Beim Betrachten seiner Fotografien drängt sich der Eindruck einer wahren Wellness-Tortur auf. Erholung als paradoxes Geschäftsmodell auf Teufel komm raus: Wenn man nur fleißig genug knetet, dehnt und tut, müssen Geist und Körper ja irgendwann kapitulieren!
Könnten Außerirdische unseren so skurrilen wie vergeblichen Kampf gegen den Krampf beobachten, sie dürften Bauklötze staunen. Da gehen diese Menschen diszipliniert wie die Roboter zu Einrichtungen, die sie Disco nennen, um sich darin in einen Rausch der Ekstase zu verlieren. Anschließend setzen sie ihr Leben in derselben steifen Verbissenheit fort, als wäre nichts gewesen.
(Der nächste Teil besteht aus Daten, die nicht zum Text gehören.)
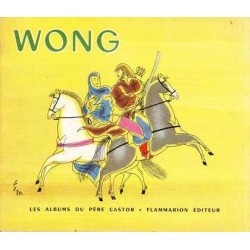 Wong - Maurice Vauthier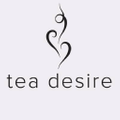 Tea Desire Logo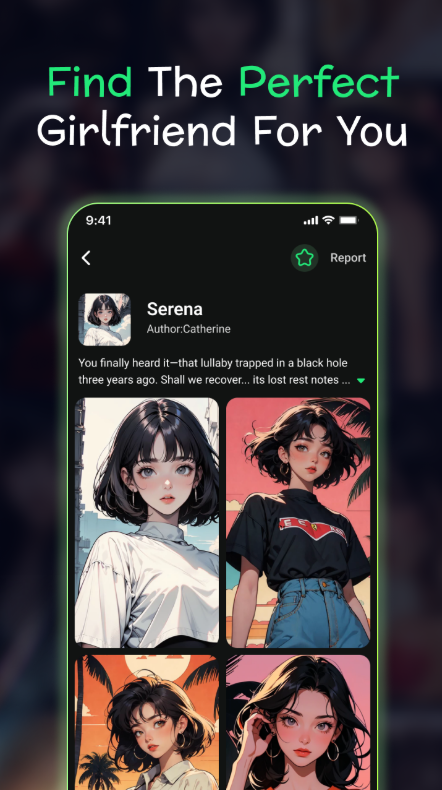 FantasyGF AI最新版下载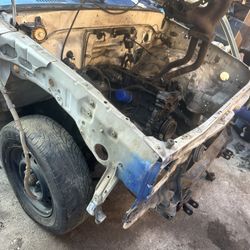 Toyota Pickup Parts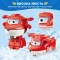 Игровая фигурка-трансформер super wings transform-a-bots джетт (jett), 5 см, арт. EU780010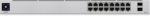Ubiquiti USW-16-POE Ubiquiti Networks UniFi 16-Port PoE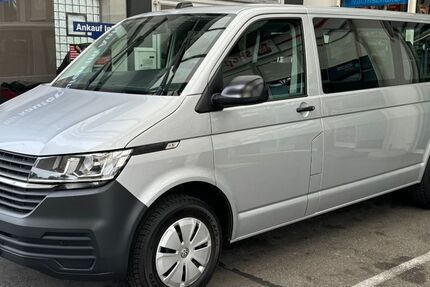 VW T6 Kombi 81.500 km 37.450 &euro; Neckartenzlingen bei Stuttgart 72654
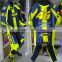 Motorcycle Leather Racing Suit, Auto Moto suit WB-MS445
Der Künstler Mark Leckey vermittelt in seiner Videocollage „Fiorucci made me hardcore“ von diesem seltsamen Wechselspiel einen plastischen Eindruck.
Nun könnte man meinen, es handele sich bei alldem um ein spezifisch aktuelles Problem mit Digitalisierung und Globalisierung als Triebfeder. Doch die Wurzeln reichen weiter zurück. Alejandro Cesarcos Auflistung von literarischen Auseinandersetzungen mit dem Verhältnis von Arbeit zu Freizeit zeigt deutlich: Im 19. Jahrhundert ist der Mensch zum Getriebenen geworden. Als Schuldige lassen sich Industrialisierung, protestantischer Arbeitsethos und die damit verbundene Entfremdung von der Natur ausmachen.
Entsprechend skandalträchtig waren die um 1922 entstandenen Lithografien des Brücke-Künstlers Otto Müller, die aus voyeuristischer Perspektive Badende zeigen. Nicht genug, dass sie sich überhaupt die Freiheit nehmen, ihre Zeit zu vertrödeln statt in den Dienst der Arbeit zu stellen: Sie sind dabei auch noch nackt!

Während solches Treiben in manchen Gegenden bis heute suspekt bleibt, ist die Kulturtechnik des Picknicks in allen Kulturen zu finden. Die Fotografin Barbara Klemm hat Picknickende in überall auf der Welt abgelichtet, von Argentinien über den Iran bis zum Frankfurter Grüneburgpark. Auffällig sind weniger die kulturellen als die zeitlichen Unterschiede. Bis in die 70er-Jahre nämlich wurden stets Campingtische und Stühle aufgeklappt. In der Natur essen, schön und gut: Aber natürlich nur mit anständigem Mobiliar!
Heute ist das lässige Lümmeln auf der Wiese zwar gesellschaftlich akzeptiert. Dafür erhalten technische Geräte unsere Verbindung zur Zivilisation aufrecht: Von einer wirklichen Auszeit ist der Mensch noch immer weit entfernt.